United States Patent |
3,936,660 |
Blackwood |
February 3, 1976 |
Hot plate
Abstract
This invention pertains to a hot plate and more specifically to
an industrial hot plate for use in highly corrosive environments
where chemicals of high acidity or high alkalinity are employed. An
epoxy foam is utilized both to thermally isolate the heated surface
from the base structure and to protect the heating element and the
associated electrical circuit from damage from the active chemical
agents that may be involved upon using the instant hot plate.
Inventors: |
Blackwood; Robert S.
(Chanhassen, MN) |
Assignee: |
Fluoroware Systems Corporation
(Chaska, MN)
|
Family
ID: |
24029565 |
Appl.
No.: |
05/510,148 |
Filed: |
September 30, 1974 |
Current U.S.
Class: |
219/467.1;
99/422; 219/544 |
Current CPC
Class: |
H05B
3/748 (20130101) |
Current International
Class: |
H05B
3/68 (20060101); H05B 3/74 (20060101); H05B
003/68 () |
Field of
Search: |
;219/345,451,457,459,460,462,463,464,524,525,530,544,541
;99/372,377,422,447 |
References Cited
[Referenced By]
U.S. Patent Documents
Primary Examiner: Mayewsky; Volodymyr Y.
Attorney, Agent or Firm: Palmatier; H. Dale Haller; James
R.
Claims
I claim:
1. A hot plate comprising in combination a top portion having a top
ceramic deck defining a heated working surface, the deck also
having down-turned edges defining a peripherally continuous
depending wall, there being a heater compartment beneath the deck
and within the depending wall; a heating element operably disposed
in said heater compartment below said working surface and having
electrical terminals; circuit means for supplying electrical energy
from a power source to said terminals; a base portion for operably
supporting said top portion in thermal isolation therefrom; and
means including epoxy foam beneath the heating element and
extending across and substantially filling the heater compartment,
the epoxy foam providing a seal to the depending wall and
cooperating with the deck and depending peripheral wall for
encapsulating said heating element and said circuit means to
confine substantially all of the heat generated to said working
surface, said base portion being constructed of fluorocarbon
materials as a separate structure and attached to said top portion
in spaced apart configuration to further provide additional thermal
isolation between said heated working surface and said base
portion, said circuit means extending through said base portion for
protection from heat and hostile environments.

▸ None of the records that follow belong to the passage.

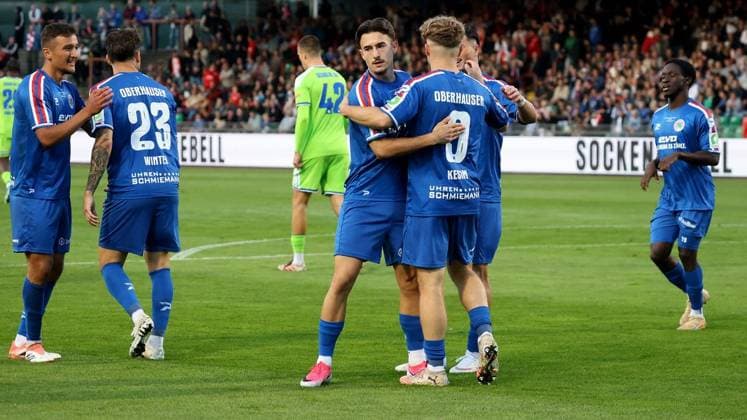 Fußball-Testspiel zwischen Regionalligist Rot-Weiß Oberhausen und FC Schalke 04 im Stadion Niederrhein in Oberhausen ** NUR FÜR REDAKTIONELLE ZWECKE ** EDITORIAL USE ONLY **<p>Fußball-Testspiel zwischen Regionalligist Rot-Weiß Oberhausen (blaues Trikot) und FC Schalke 04 (grünes Trikot) am Donnerstag den 24.September 2026 im Stadion Niederrhein in Oberhausen Foto : Frank Oppitz FUNKE Foto Services< p> Deutschland NRW Oberhausen Copyright: FrankxOppitz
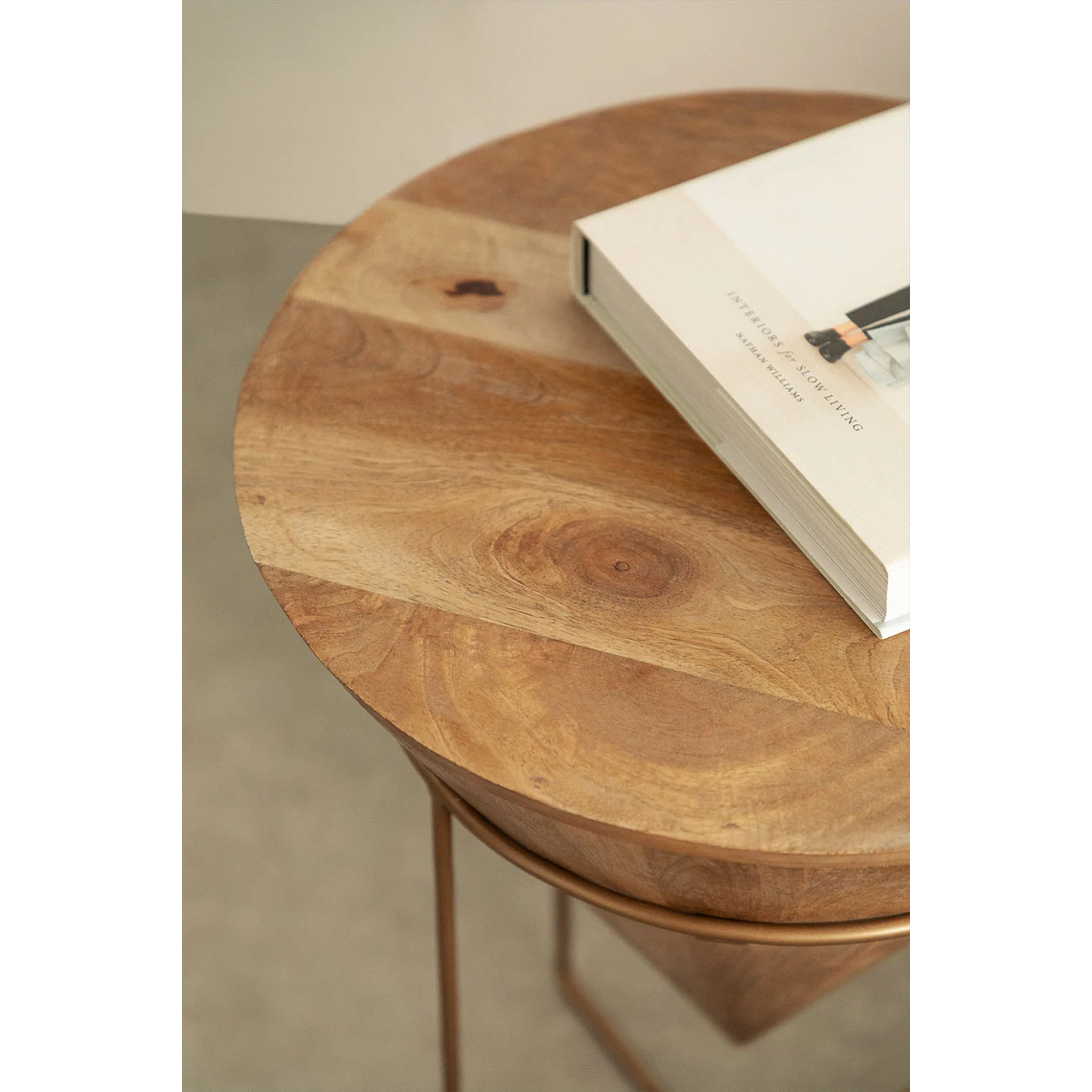 Mesa auxiliar piram Style 40 cm 2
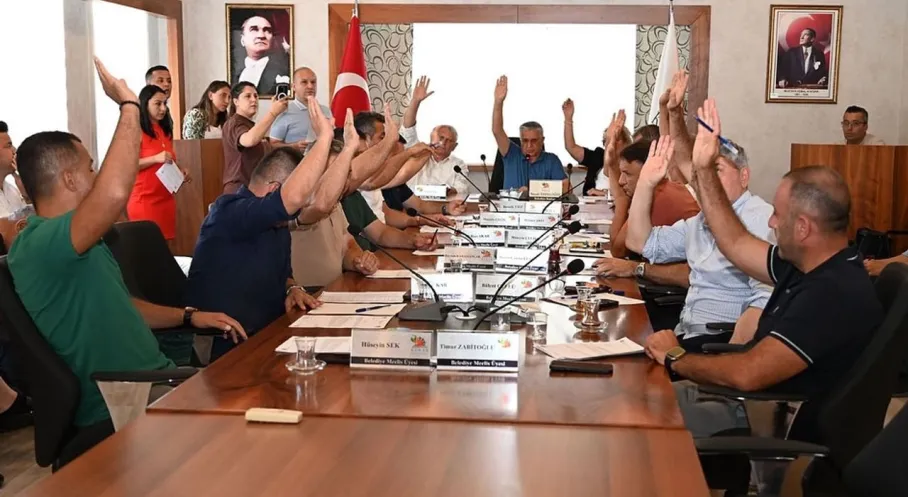 Kemer Belediyesi Ağustos Meclisi: Şehitler Anıldı, Başarılı Öğrenciler Gururlandırdı!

2. The hot plate constructed in accordance with claim 1 further
characterized in that the base portion has a top wall in
confronting and spaced relation to the top portion, the base
portion also having a peripherally continuous side wall depending
from the top wall and formed integrally and in one piece with the
top wall and cooperating with the top wall in defining a wiring
chamber confining the circuit means therein, and means including
epoxy foam filling and sealing closed said wiring chamber of the
base portion to encapsulate and protect said circuit means disposed
therein from hostile environments.
3. The hot plate constructed in accordance with claim 2 wherein the
circuit means includes wiring extending from the base portion and
into the top portion and spanning the open space therebetween, the
wiring being enclosed within a chemically resistant protective
tubular sheath of fluorocarbon material and spanning with the
wiring the open space between the base and top portions, the ends
of the tubular sheath and wiring being embedded and sealed in the
epoxy foam of both the base and top portions.
Description
This invention relates generally to hot plates and more
particularly to industrial hot plates for use in highly corrosive
environments including operations involving the use of active
chemical agents of both high acidity and high alkalinity.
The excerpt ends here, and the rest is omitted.